Hans consiguió la última habitación disponible. Se encontraba dos plantas por encima de las de los otros dos.
Le había puesto a la chica de la recepción inmediatamente la cantidad exacta sobre el mostrador para pagar la habitación. Le podría haber explicado que debía ponerse en camino muy temprano por la mañana y que por eso prefería pagar por adelantado, pero a Hans no le gustaban las explicaciones. A nadie, exceptuando al Doctor, le importaba lo más mínimo por qué hacía las cosas del modo en el que las hacía. Si tuviera que ofrecer explicaciones cada vez que se inmiscuyera en el curso de los acontecimientos…
En aquellos momentos, Hans se encontraba sentado en su habitación, en una silla, con el teléfono pegado a la oreja, el torso muy erguido, atendiendo a las instrucciones que le daban.
Finalmente se descalzó y se sentó sobre la cama. Flexionó la pierna derecha y sacó una punta de bayoneta de la cartuchera de cuero que llevaba siempre sujeta a la pierna. Sostuvo la bayoneta en equilibrio sobre la palma de su mano examinando la brillante hoja, en la que se reflejaba la luz de la lámpara del techo.
Aquella punta de bayoneta le llevaba acompañando muchos años ya. Incluso en Sarajevo, insertada entonces en su arma. Cuando todo se había derrumbado a su alrededor no había soltado su fusil, tal como les habían enseñado.

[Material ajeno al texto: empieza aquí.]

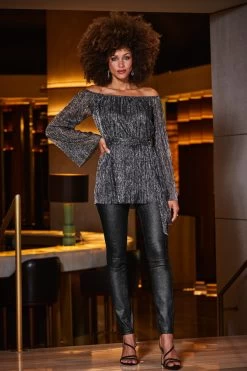 Pewter Metallic Plisse Bardot Belted Jersey Top -Trendora Shop web 2309 55 a23tj027mc0012 a23bd013mc0011 55 002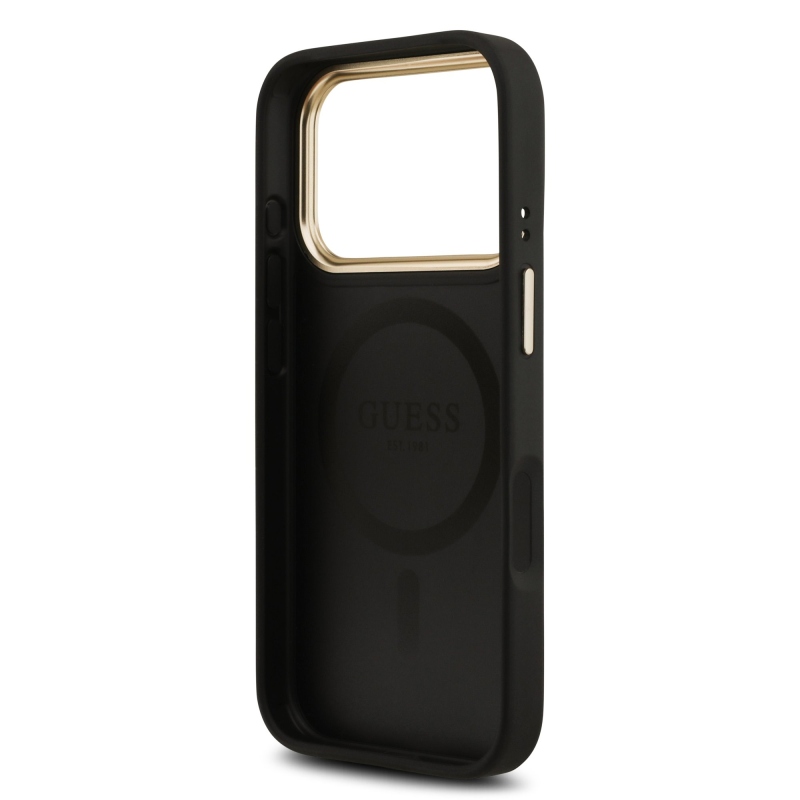 Guess PU bőr 4G aranykeret MagSafe hátlap iPhone 17 Pro Fekete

Al caer, el arma se había desplazado de tal manera que Hans se había clavado la bayoneta muy profundamente en la parte baja de la espalda. Todo aquel tiempo que había permanecido atrapado en la oscuridad había tenido a su bayoneta dentro de él, y aquella cuchilla, con la que muy poco antes había matado a dos enemigos, le había herido gravemente. Tan gravemente, que desde aquel momento su cuerpo no se encontraba en disposición de realizar aquellas funciones básicas que eran necesarias para unirse a una mujer.

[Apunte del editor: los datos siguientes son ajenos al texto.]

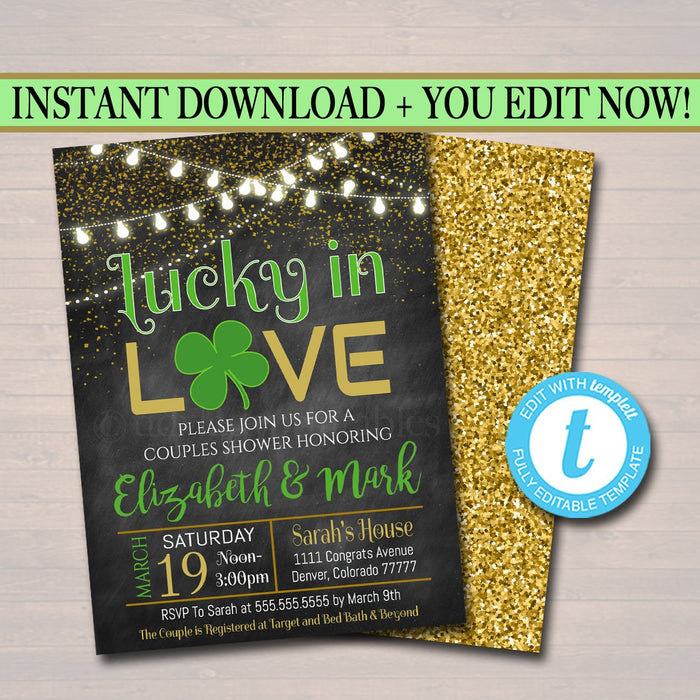 Lucky In Love Invitation, Bridal Shower, Bachelorette Party  Invite, St. Patrick's Day, Four Leaf Clover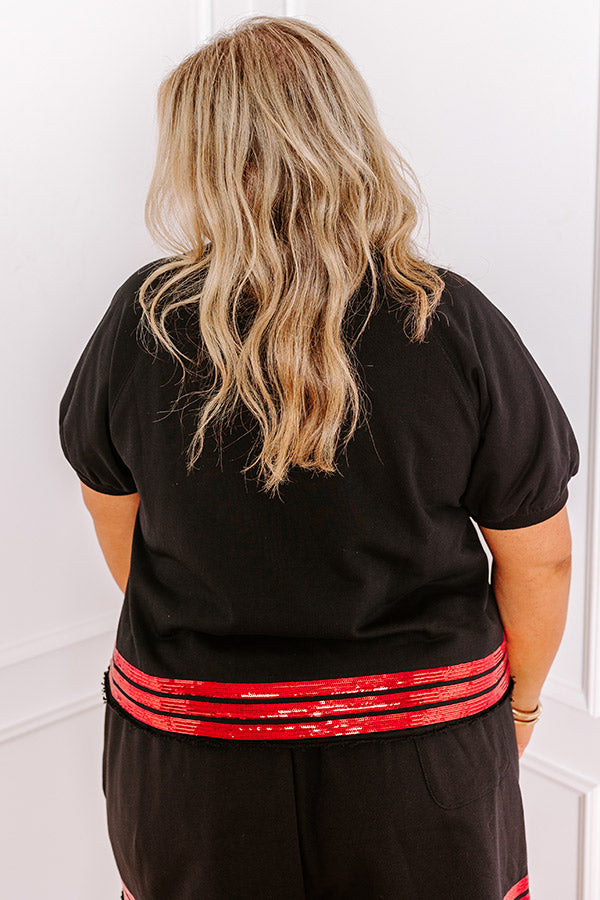 Ultimate Game Day Glam Embroidered Top - Black Curves Edition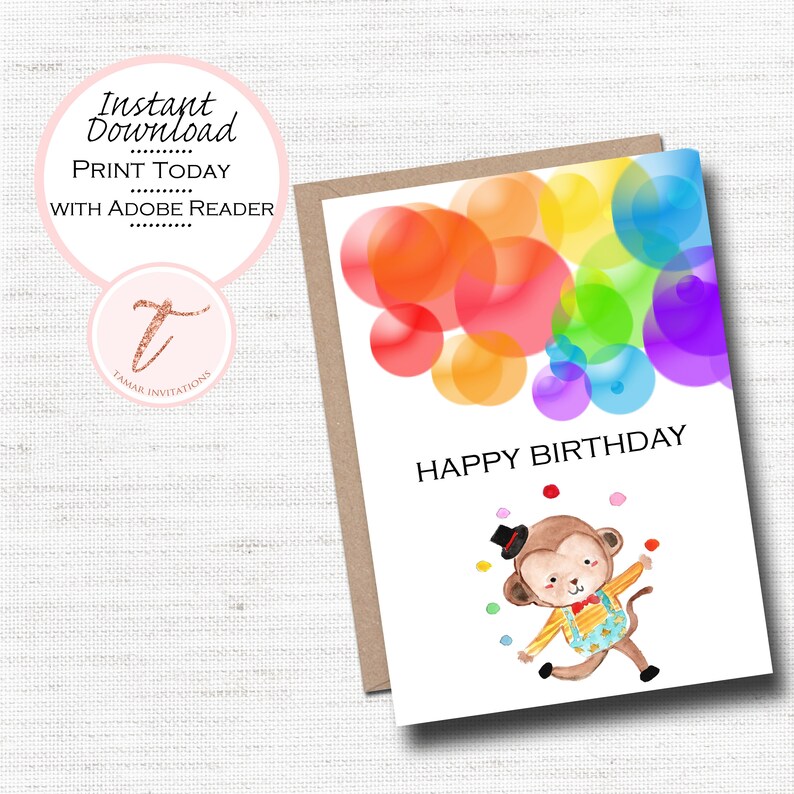 Digital Birthday Card, Cute Birthday, Kid Birthday, Monkey, Circus, Balloons, PDF Instant Download image 1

Y puesto que había transformado su vida hasta aquel punto, sólo utilizaba esa misma punta de bayoneta cuando intervenía en las vidas de los demás para modificar acontecimientos futuros.

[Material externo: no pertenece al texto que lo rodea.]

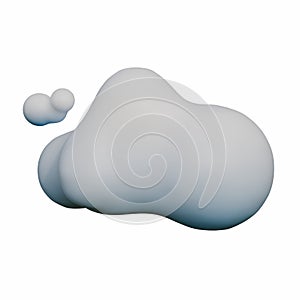 A high-quality 3D render of a white and blue cloud floating in a clear, soft-lit environment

Una imagen se introdujo en su mente. El rostro de Jane. Parecía tan… frágil. Hans la veía con tanta claridad como si la tuviese delante en aquellos momentos. Su suave cabello, su piel tan pura, de porcelana…
Recordó que estaba cerca, allí debajo, con aquel tío. Tenían habitaciones separadas, pero si él intentaba…
Al buscar imperfecciones en su arma, Hans deslizó la hoja primero por el puño cerrado, y después la probó con la uña de su pulgar. Con este método podía descubrir errores incluso mínimos. Tras haberse asegurado que la cuchilla estaba perfectamente, volvió a guardar la bayoneta en la cartuchera de cuero de su pierna y se tumbó de espaldas.
El día siguiente sería el último de aquel experimento con Jane Doe, eso había dicho el Doctor. La situación decidiría cuál sería la intervención de Hans.
No, la misma Jane decidiría cómo… cuánto tendría que intervenir. Porque a cada momento se volvía más peligrosa para el Doctor.